Seaweed culture can be organized as a small-holder activity; labour costs dominate production costs. Culture of seaweeds could thus contribute both to earnings of foreign exchange and to employment of unskilled manpower. Seaweed culture could in the Mission's view become one of the priority cultures for the Caribbean area.
Oyster and mussel culture can be organized as small-holder activities and do not require, normally, as high investments per unit area of production as do pond based cultures. Nevertheless, the smaller islands in the Caribbean do not appear to have sufficient sites with the requisite quantities of planktonic food in the water to make this a worthwhile objective for mariculture development. Also, it would appear that only small quantities are consumed in the islands.
Intensive mariculture facilities can be constructed so far from the sea that the risk of storm damage would be minimized or eliminated, and the high-priced coastal stretch left for other uses. In the past, most of the islands employed windmills in sugar cane processing and it is likely that with new windmill technology the trade winds with their more or less constant speeds of 24 to 32 km/h could be harnessed for pumping. The small tidal fluctuation reduces the effort needed for pumping.
Penaeid shrimp, marine reef food fish, such as snappers and groupers, and ornamental fish are suitable for culture in land-based intensive mariculture facilities. Environmental conditions, especially water temperatures, are ideal for shrimp culture.
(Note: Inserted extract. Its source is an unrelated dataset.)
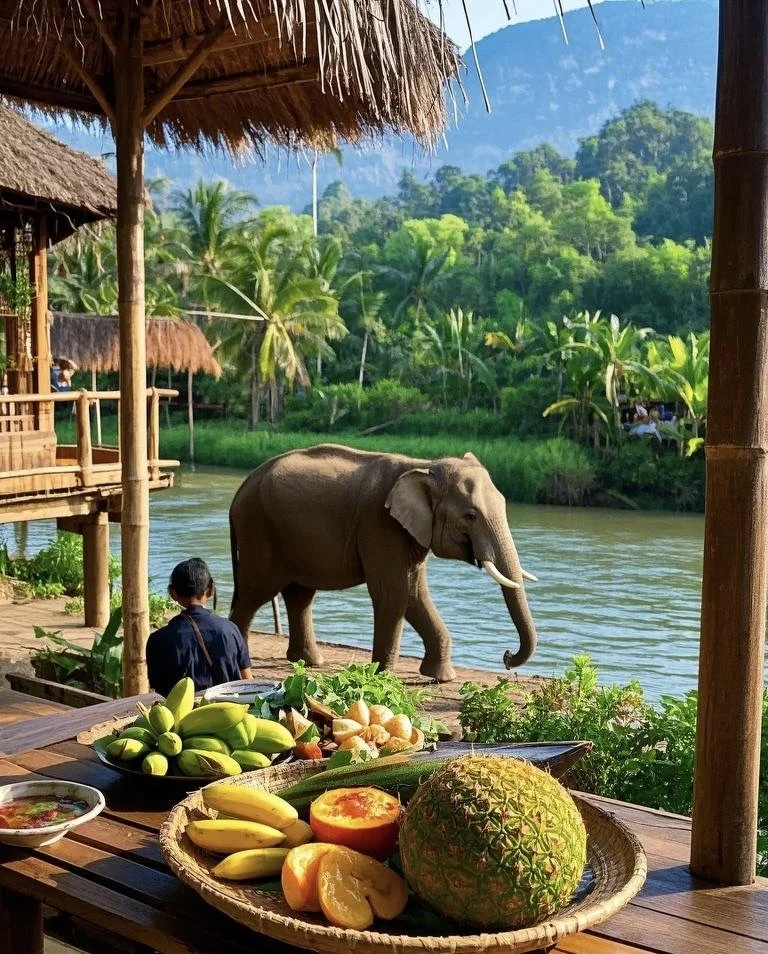 西双版纳，劝你们别来，怕你们来了不想走！！！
The obvious type of system to investigate first would be intensive culture in concrete raceways, large tanks, or especially constructed small ponds with a more or less continuous flow of water and feed. This technology is most developed for penaeid shrimp. It would be desirable to use an exotic shrimp like Penaeus monodon or P. vannamei. Post larvae could be imported and then reared to adults to serve as brood stock. These would be spawned and reared in a hatchery. Every island would not need to have its own hatchery or brood stock. A central facility could ship eggs, or nauplii, by air to small hatcheries. Also, post-larvae could be shipped. Commercially prepared feeds, made especially for shrimp, are available and could be imported.
Yields in the order of 2 kg/m2 could be expected from raceways three times per year. Trials to determine local costs and yields at specific sites would have to be carried out.
Although the technologies necessary for intensive shrimp culture have been developed, they have not been strung together at any one place sufficiently well for intensive shrimp culture yet to have earned investors good returns. In addition, shrimp culture will contribute only marginally to employment and supply of fish to the islands. Even the net foreign exchange earnings that shrimp culture could earn in the Caribbean are much below gross receipts from the exports of the cultured shrimps, as know-how, equipment and possibly also part of the feed would have to be imported.